Corn: Prior to the current declines I pointed out that my COT analysis had turned bearish. Seasonal lows were due and may well have been made on bullish momentum divergence signals. I believe that corn prices now have the potential to make a very large recovery, perhaps to as high as intermediate term resistance areas. Await intermediate term buy recommendations via the hotline.
Wheat: I advised you “the short term trend may bottom within days, while weekly the trend remains bearish”. We saw signs of bullish life in the form of a huge recovery. There were short-term buy signals. Await wheat spread recommendations. As in all the grain and soy complex markets, the swings in wheat will continue to be large and wild. Seasonal is ideally bearish. .
Oats: The market remains short term bearish. The intermediate-term uptrend remains bullish. The decline has taken prices down to important support. There were short-term MOMENTUM divergence buy signals but no MAC signals as yet. See chart below.
Take a look at the long term RATIO CHART for SOYBEANS vs. CORN…the perspective is amazing!
IMPORTANT REMINDER: ALL RECOMMENDATONS GIVEN VIA THE HOTLINE WILL REQUIRE LARGE STOP LOSSES DUE TO ONGOING MARKET VOLATILITY. THERE HAS NEVER BEEN A TIME AS VOLATILE AS THIS – YOU WILL LOSE MONEY IF YOU USE SMALL STOPS. IF YOU CAN’T AFFORD THE POTENTIAL RISK THEN DON’T TRADE!
Meats
Cattle and Hogs: My analysis of the COT Commercials positions in both markets continues to project a LONG TERM bull move in both of the meats.
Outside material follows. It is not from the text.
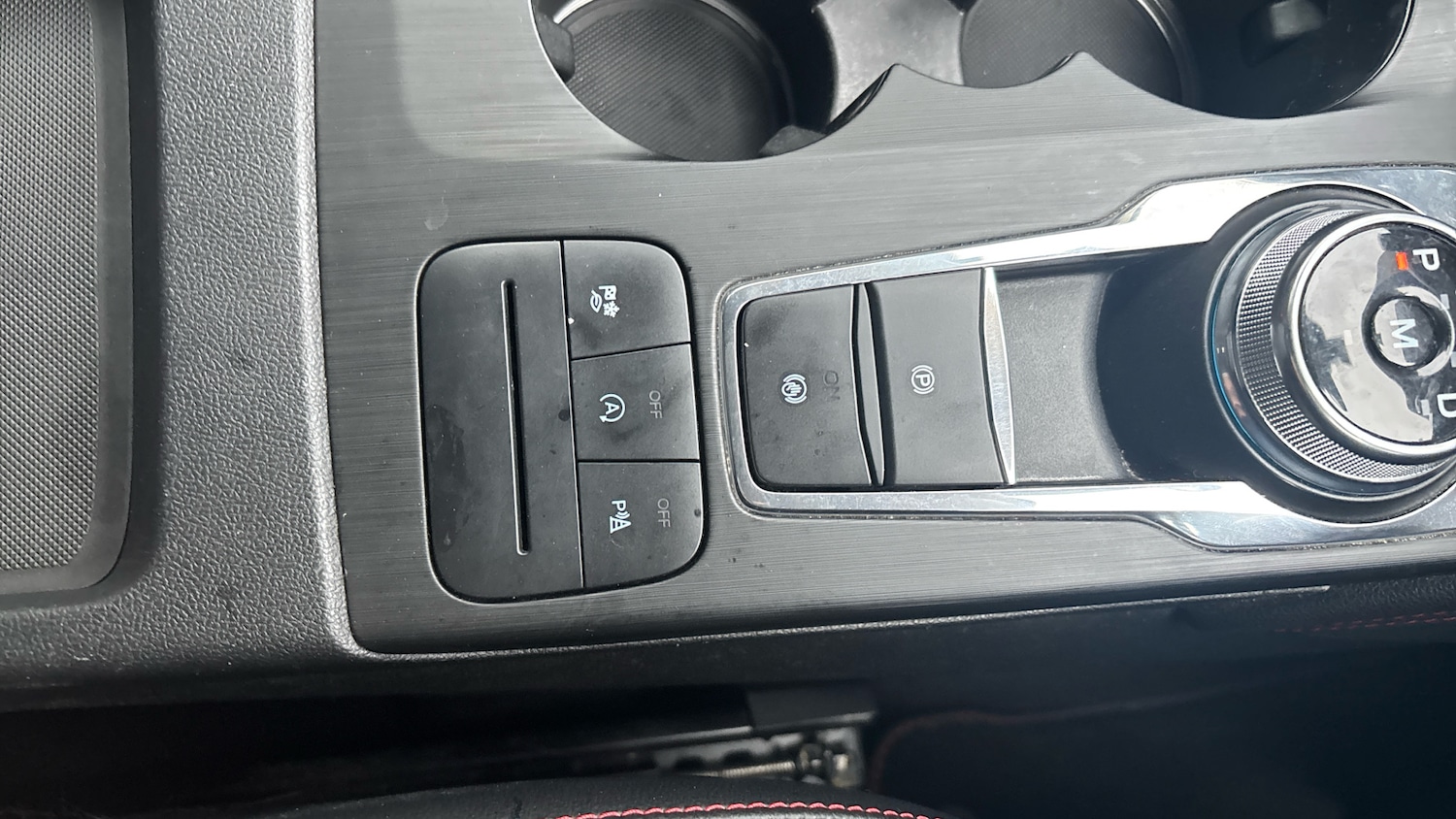 Used Ford Kuga 2022 for sale - 76500048: Photo 44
A trigger is needed to spark the rallies. I REMAIN BULLISH BUT I AM WAITING FOR TRIGGERS. I believe that the current decline in hogs is another test of my bullish LONG TERM forecast as well as an important test of long term technical support. NOTE THAT IN THE ABSENCE OF BUY TRIGGERS THERE ARE NO RECOMMENDATIONS. The hotline recommended long Jun and short April hogs spread that should have been closed out when it reached its profit target. I plan to once again recommend this spread when and if it declines to short term support. The spread should continue to be valid until late May if history repeats. See seasonal table below.
Metals
Copper: Thin volume and erratic price moves make this a difficult market to trade other than for the long term. Therefore, I will not be giving specific hotline recommendations. The trend remains short term and intermediate term bearish BUT seasonal lows are ideally due now. We could get a significant short-term rally in copper (and all metals). Copper tends to make highs in March. There is bullish divergence. The coming rally could be HUGE! See seasonal chart.
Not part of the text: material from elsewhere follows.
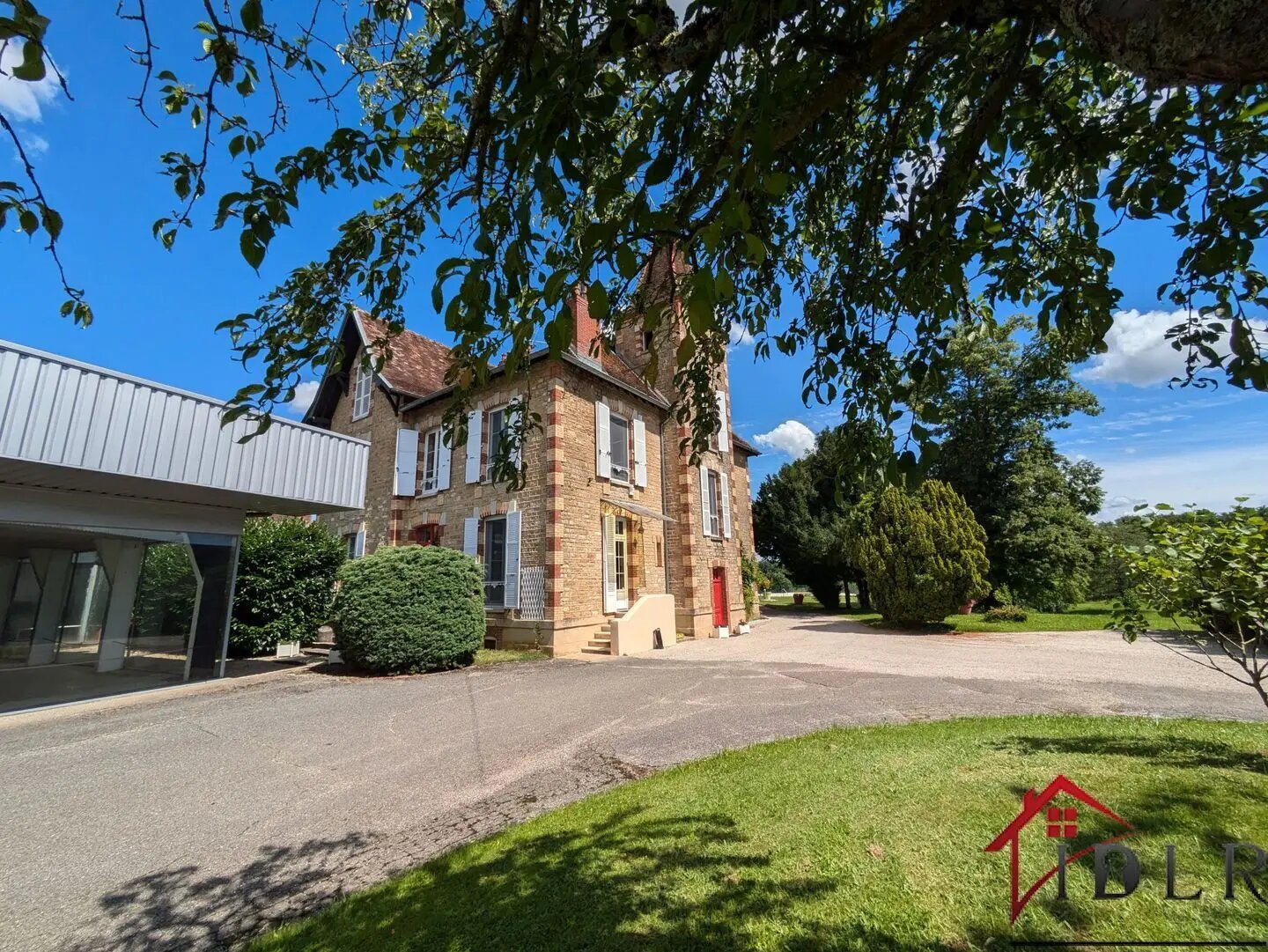 Maison à vendre, 270m², Bletterans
Gold and Silver: Gold seasonals achieved their projected seasonal rally targets and you should have gotten out of longs as recommended. My longer term forecast based on the long term cycles and technical indicators currently suggests a $2000+ target once the current decline and cycle low are in place.
See silver seasonal chart at left. Silver triggered a short term buy as did gold but long-term buy signals are pending. I advise waiting until the first few months of 2009 before taking on long term buy (investment)
positions.
Platinum/Palladium: My long-term forecasts for platinum and palladium have been bullish and I am still long term bullish in spite of the recent corrections down which were discussed in this newsletter well in advance. This overdue correction has brought prices back to rational levels and I believe that new buy triggers will develop soon.
I believe that over the next 12 months we could witness considerable turnarounds in platinum and palladium prices and I want to maintain long-term holdings in PAL.
The severe corrective declines were long overdue and are, in my view, a positive development in the long-term picture. There are signs of bullish life in platinum and in palladium. I recommend holding on to long term positions, in palladium which may take time to move higher but which, I feel, has significant upside potential. I am holding my personal long-term positions in PAL (North American Palladium). There are initial indications of a short term low in PAL.